If you invest in Canadian businesses, the government may review your investment for national security reasons. The Canadian Investment Centre balances a positive investment climate to promote economic prosperity with the protection of sensitive information, technology and infrastructure from foreign actors for reasons that could be injurious to the country’s strategic interests. Even investments below the monetary thresholds can be subject to a security review.

Despite increased awareness and vigilance, investment fraud continues to impact many Canadians. In fact, a new CSA survey shows that incidences of investment fraud have trended upwards among younger Canadians. The CSA, the Canadian Anti-Fraud Centre and the RCMP are warning all Canadians to be vigilant against investment scams and to take steps to protect themselves.

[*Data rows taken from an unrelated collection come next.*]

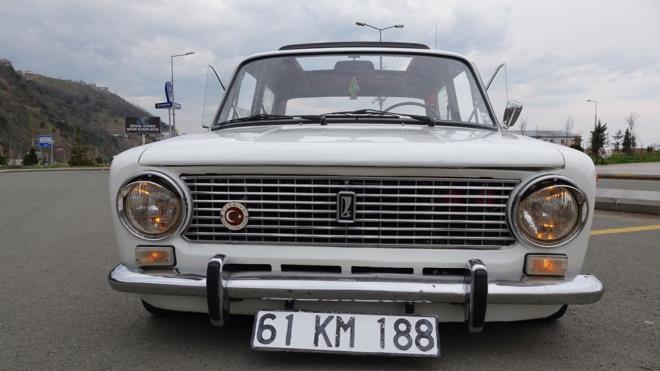 Kompresr yardmyla sspansiyonlara gnderilen hava ile yapt sistemle otomobilin zplayarak gitmesini salayan Karanlk, yaklak 50 bin liraya mal olan aracna gz gibi bakyor.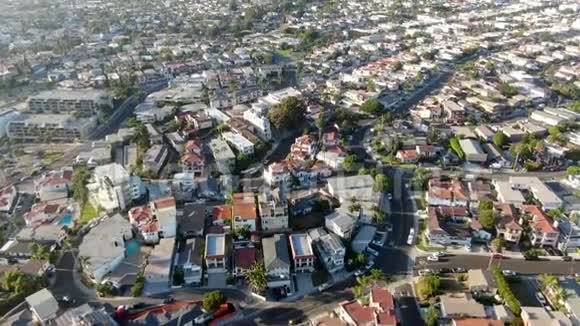 鸟瞰圣克莱门特海岸线小镇视频的预览图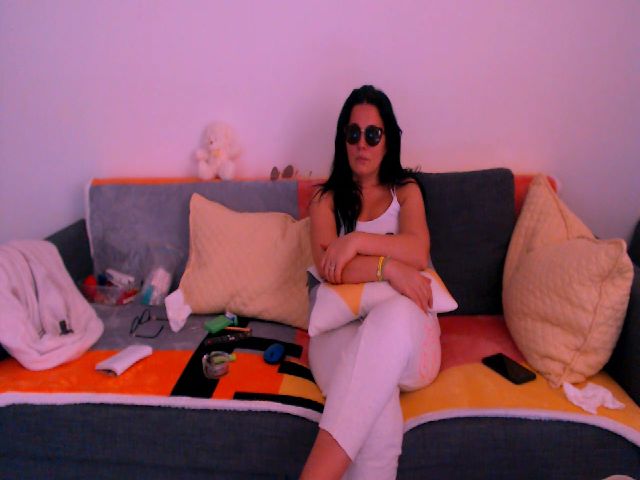 Live sex webcam photo for Isabeladoll #270858255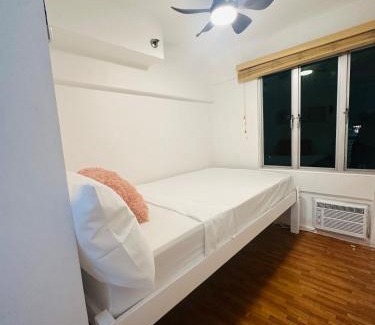 Malamig Apartamento | EDSA Cozy 3BR near MRT w Netflix and Karaoke Fun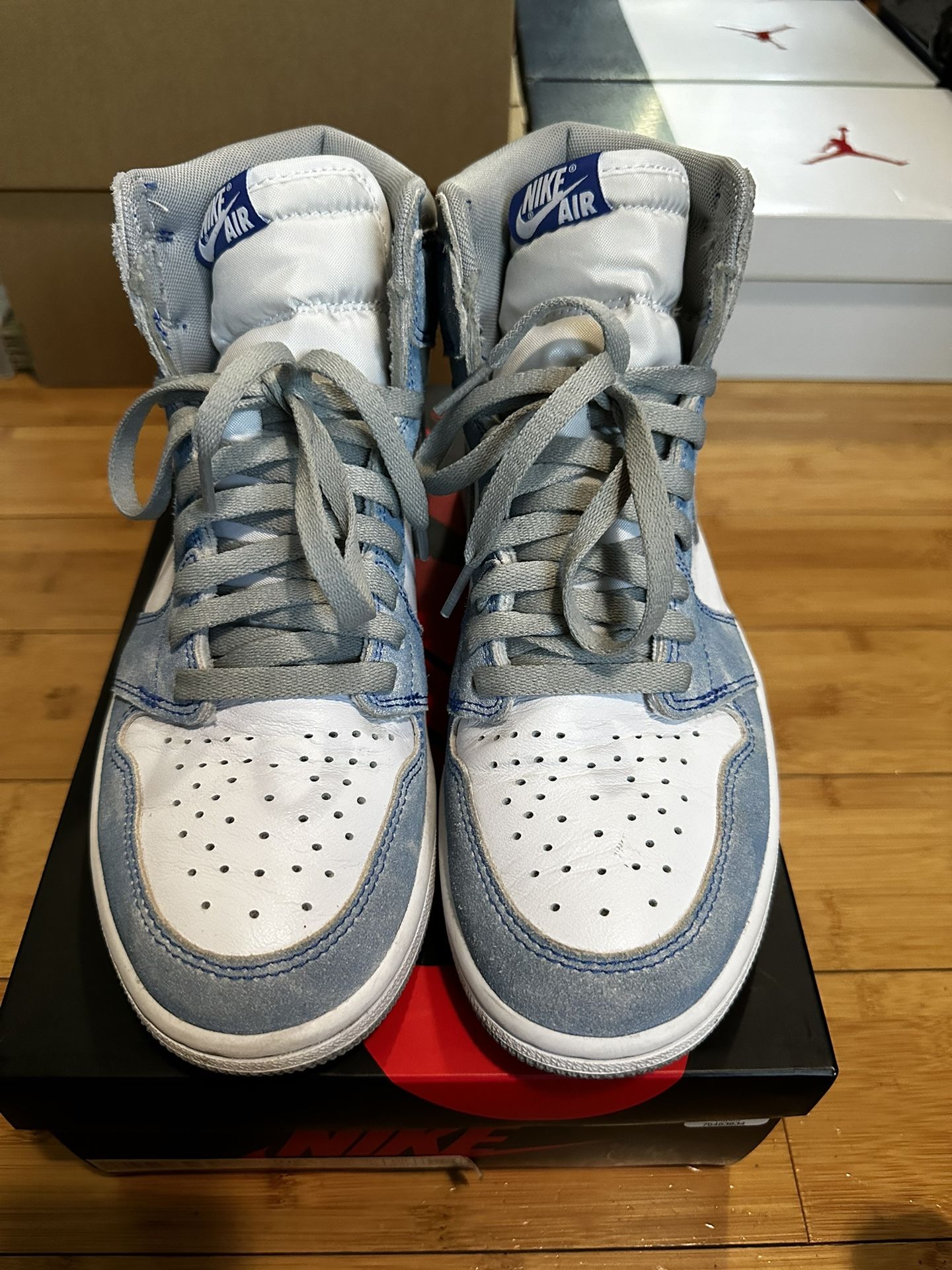 Jordan 1 Hyper Royal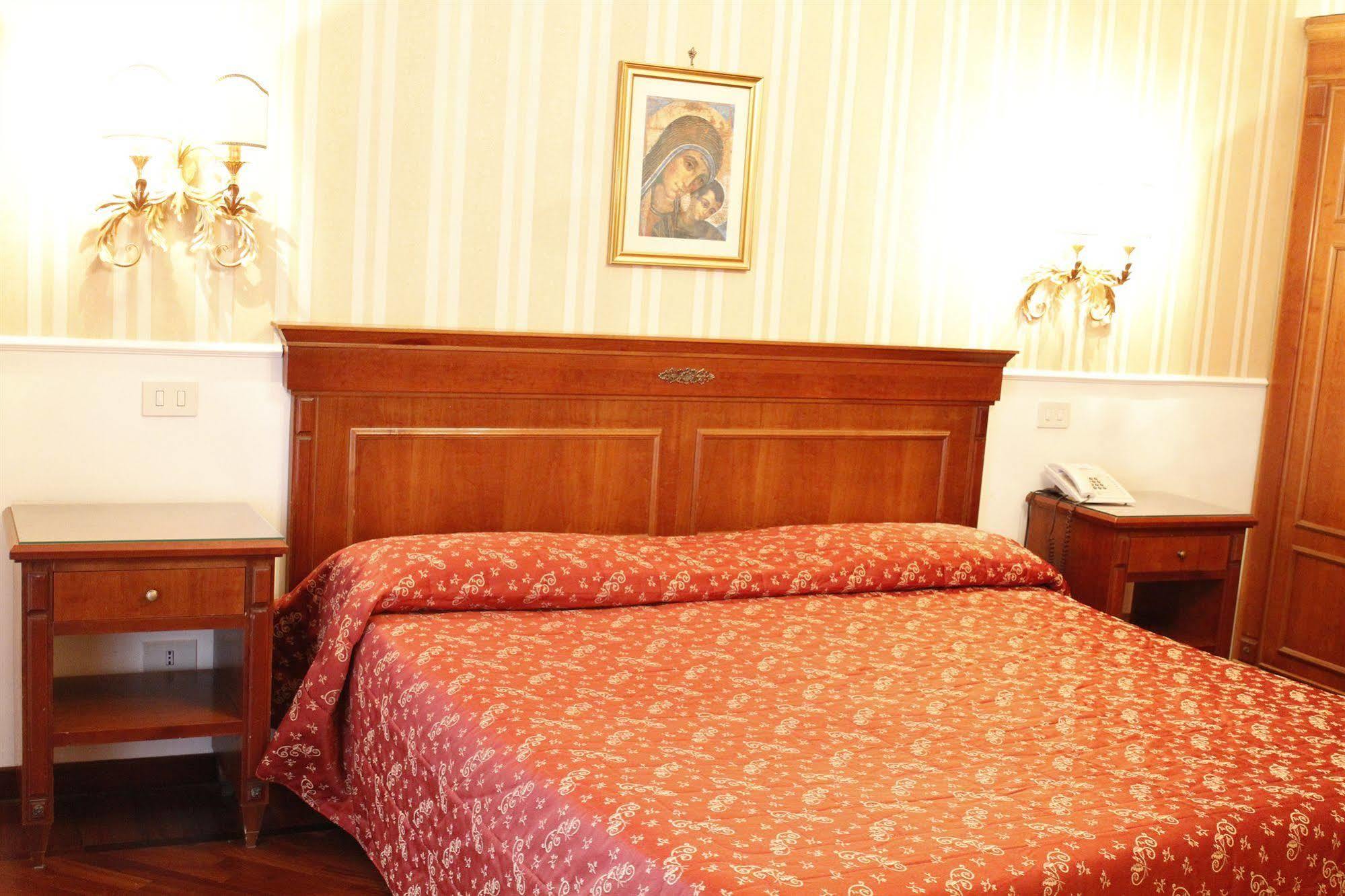 Hotel Torino Roma Esterno foto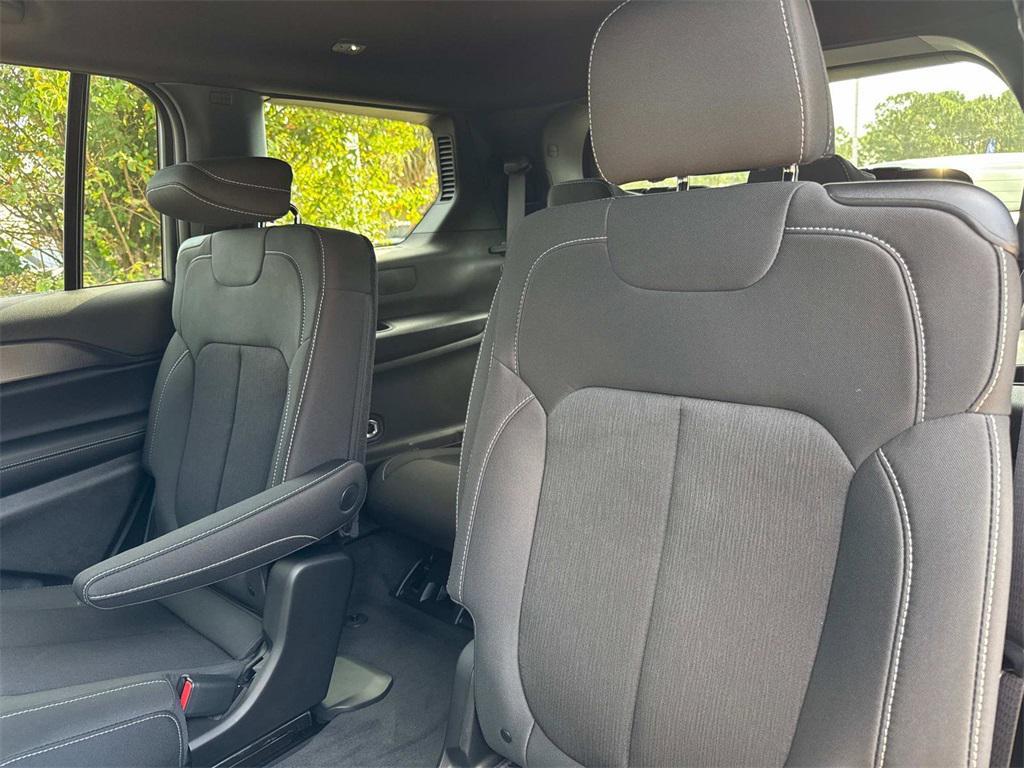 new 2025 Jeep Grand Cherokee L car, priced at $45,120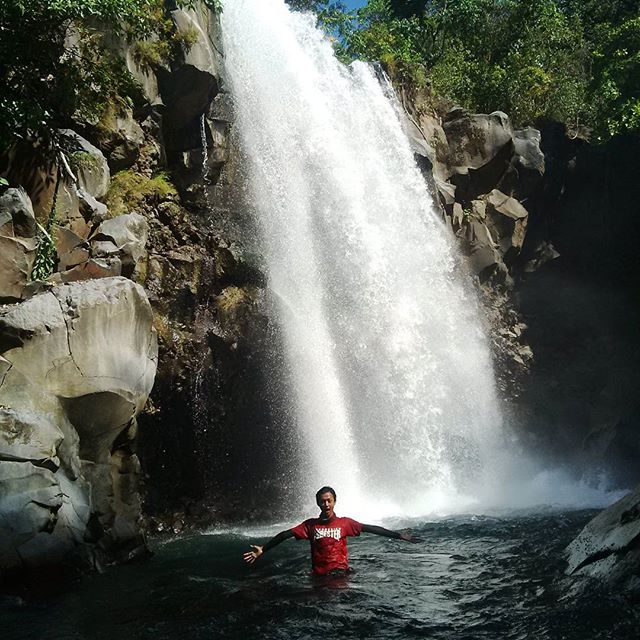 Wisata Air Terjun Di Sori Oi Marai via IG, 1. Wisata Pulau Satonda, 2. Wisata Gunung Tambora, 3. Wisata Padang Savana Doro Ncanga, 4. Wisata Bukit Matompo, 5. Wisata Nisa Pudu, Wisata Teluk Saleh nan Tropis, 6. Wisata Air Terjun Di Sori Oi Marai, 7. Wisata Pantai Hodo, 8. Wisata Air Terjun Panca Saneo, 9. Wisata Masjid Baiturrahman Dompu, 10. Wisata Pantai Ria, 11. Wisata Air Terjun Kancira, 12. Wisata Bendungan Mila, 13. Wisata Rora, 14. Wisata Air Terjun Walet Putih, 15. Wisata Ncanga Tolu, 16. Wisata Pantai Lakey, 17. Bukit Sultan, 18. Air Terjun Sori Panca, 19. Pantai Wadu Jao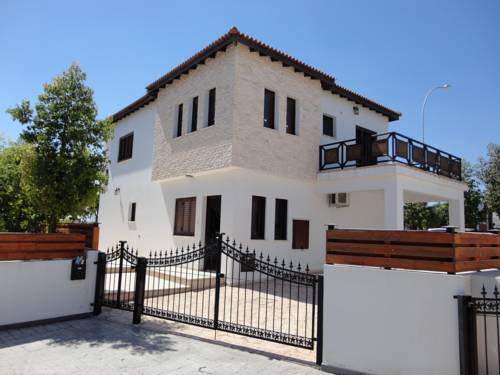 Фото 
High View Gardens
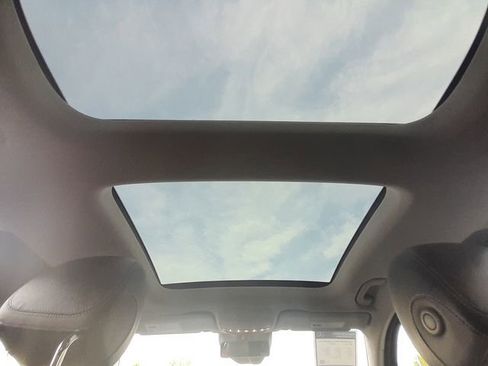 Used 2020 Mercedes-Benz GLC 300 4MATIC image 14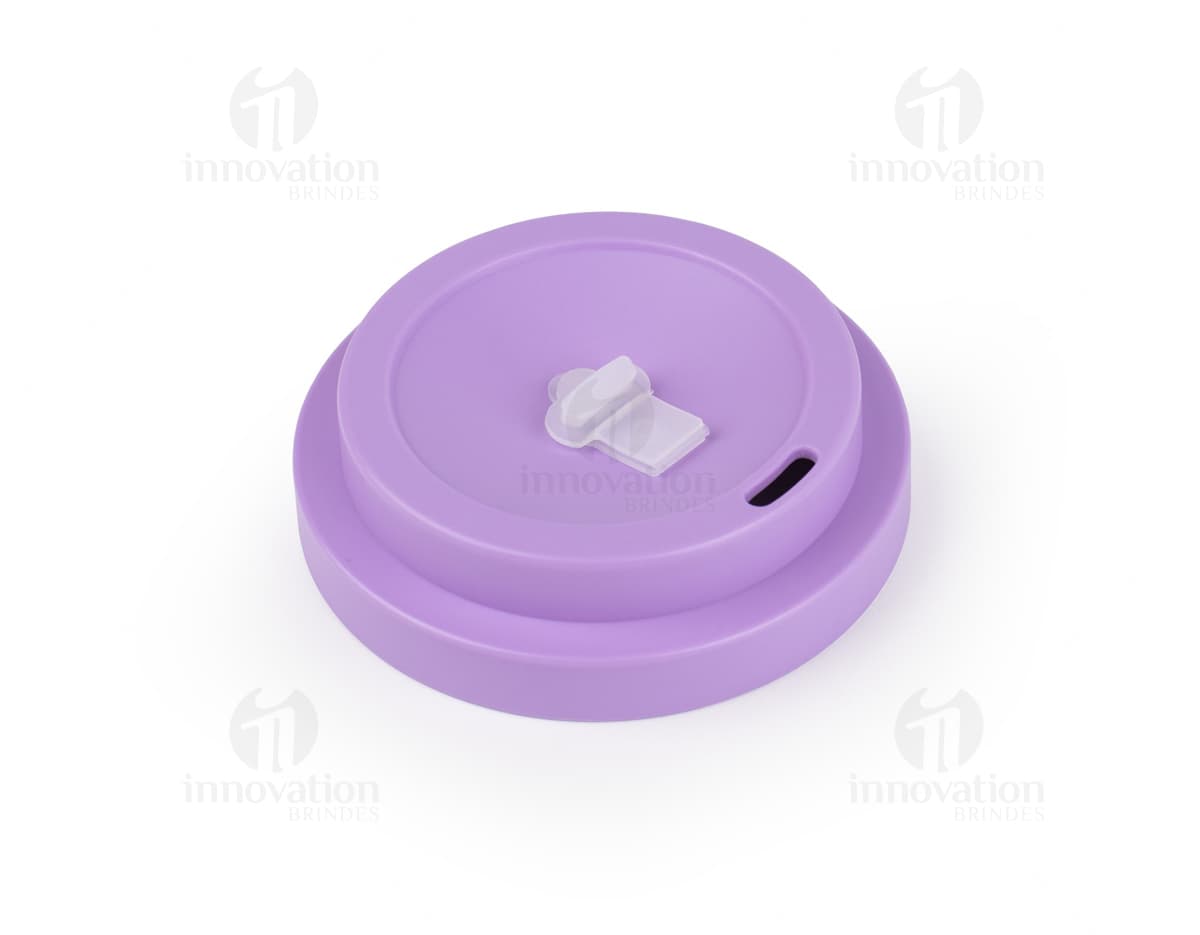 Porta copos em formato de kit com 6 unidades em diferentes cores e estilos. Porta copos em formato de kit com 6 unidades em diferentes cores e estilos.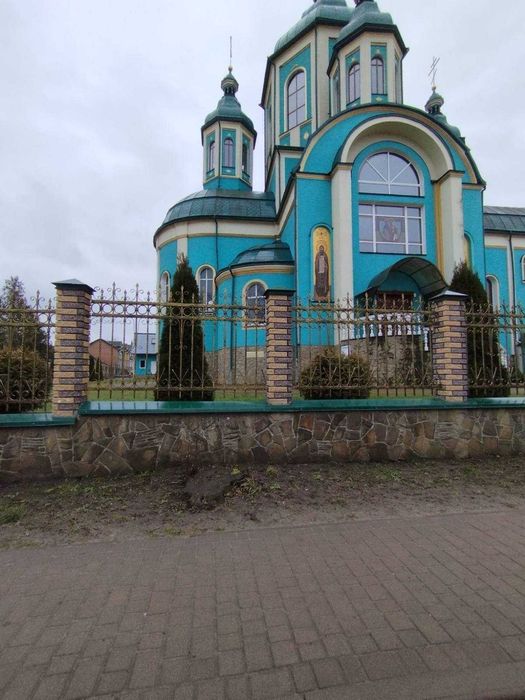 Продаж 5-к. будинок з ділянкою в м. Мостиська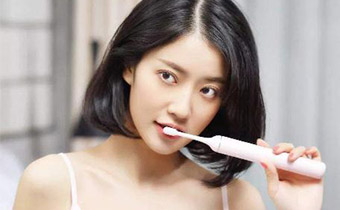 电动牙刷和普通牙刷哪个好用 总是使用电动牙刷有什么好处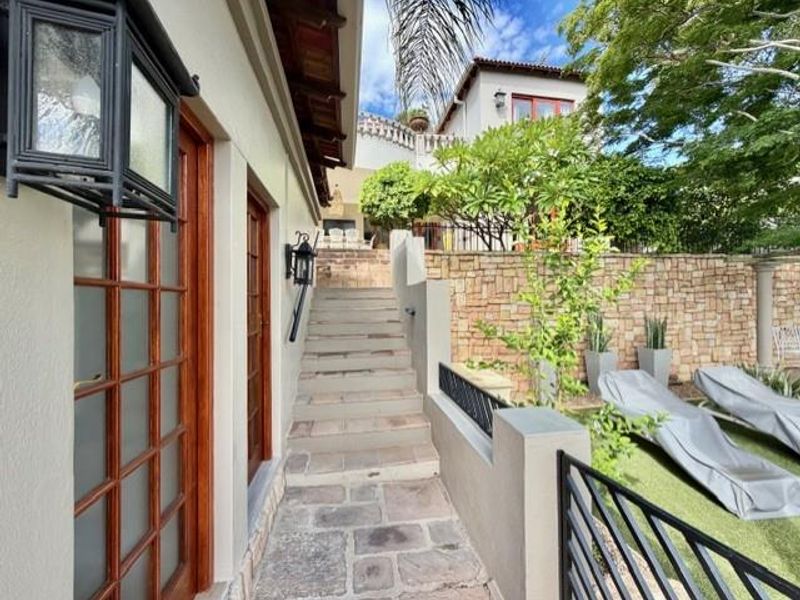 5 Bedroom House FOR SALE in Eros - Photo 4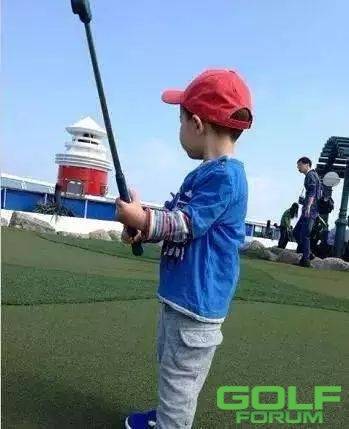 【星闻】为什么大家的孩子都在打高尔夫？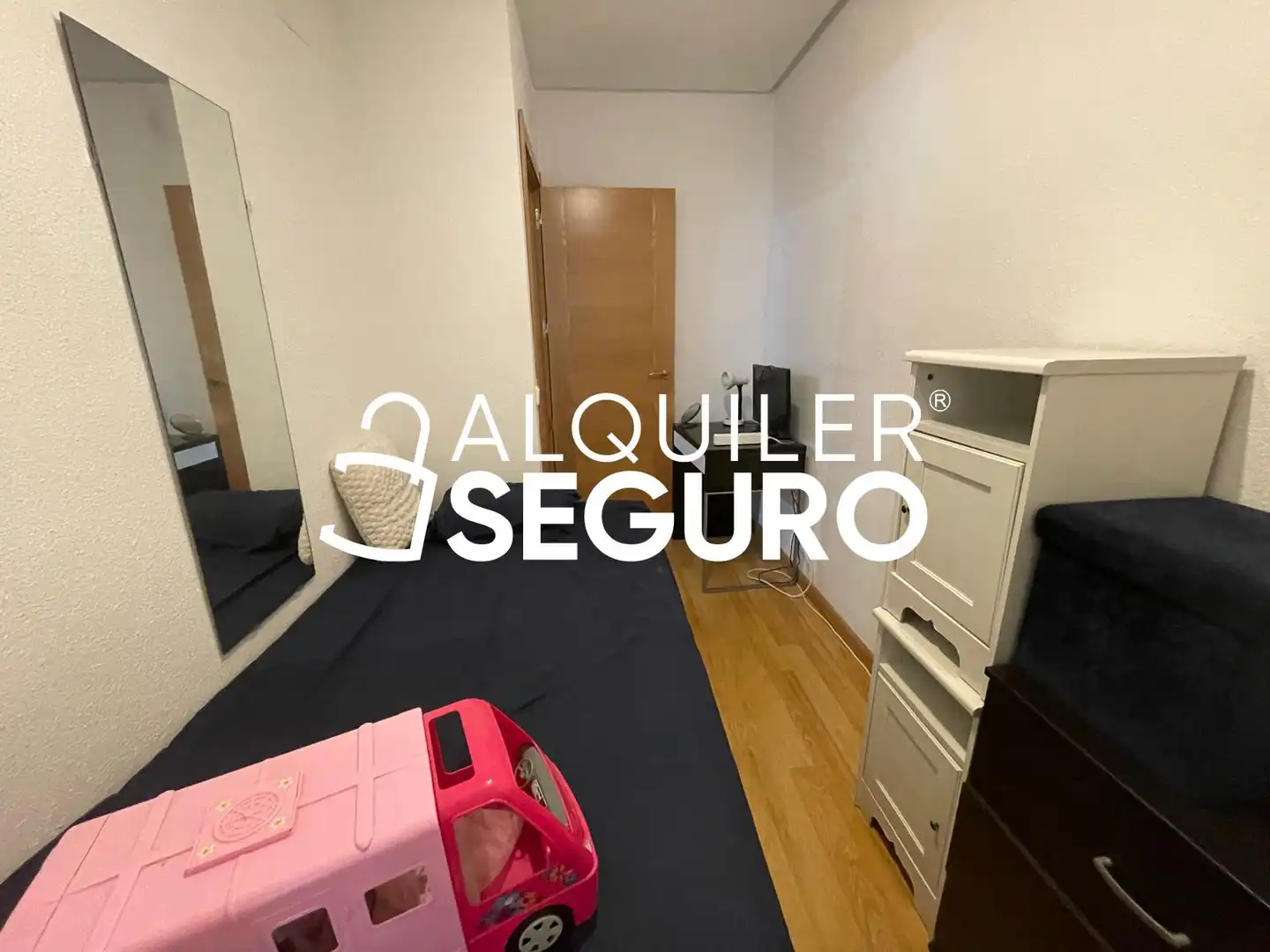 Bedroom of Flat for rent in Madrid  with Heating and Furnished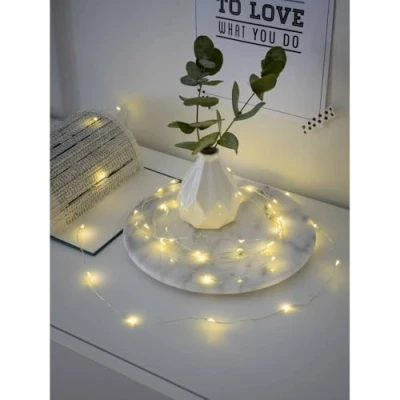 Imagen de Konstsmide luces LED de alambre desnudo/alambre pin micro batería/uso interior (IP20) / 20 diodos blancos cálidos LED/función temporizador 6 horas/cadena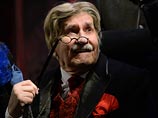 Владимир Зельдин вернулся на сцену после операции и сыграл главную роль в "Дядюшкином сне" Владимир Зельдин вернулся на сцену после операции и сыграл главную роль в "Дядюшкином сне"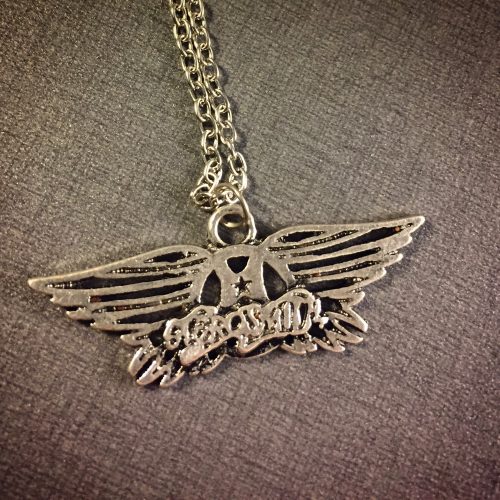 Aerosmith halsband. Got my wings!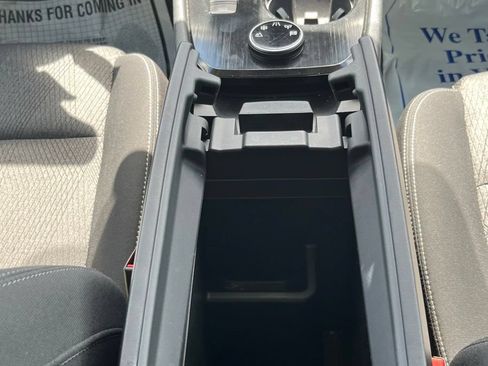 Used 2025 Nissan Rogue SV AWD/4WD image 19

Canadian Investment Centre: Tools, Trends, and Tips

In 2024, a total of $310 million was reported lost to investment fraud – a figure that does not include the losses incurred by those who were defrauded but did not report their loss to the CSA or the CAFC. The CSA and the CAFC continue to urge all Canadians to be vigilant and report suspected frauds to their bank, their provincial/territorial securities regulator or their local police force.

Join leading-edge investment and economic professionals from across the country for a strategic mix of investment sessions that deliver new insights into the world of defined benefit pension plan investing. Check CIRO’s National Registration Search tool before you invest to ensure individuals are registered to offer financial advice in Canada.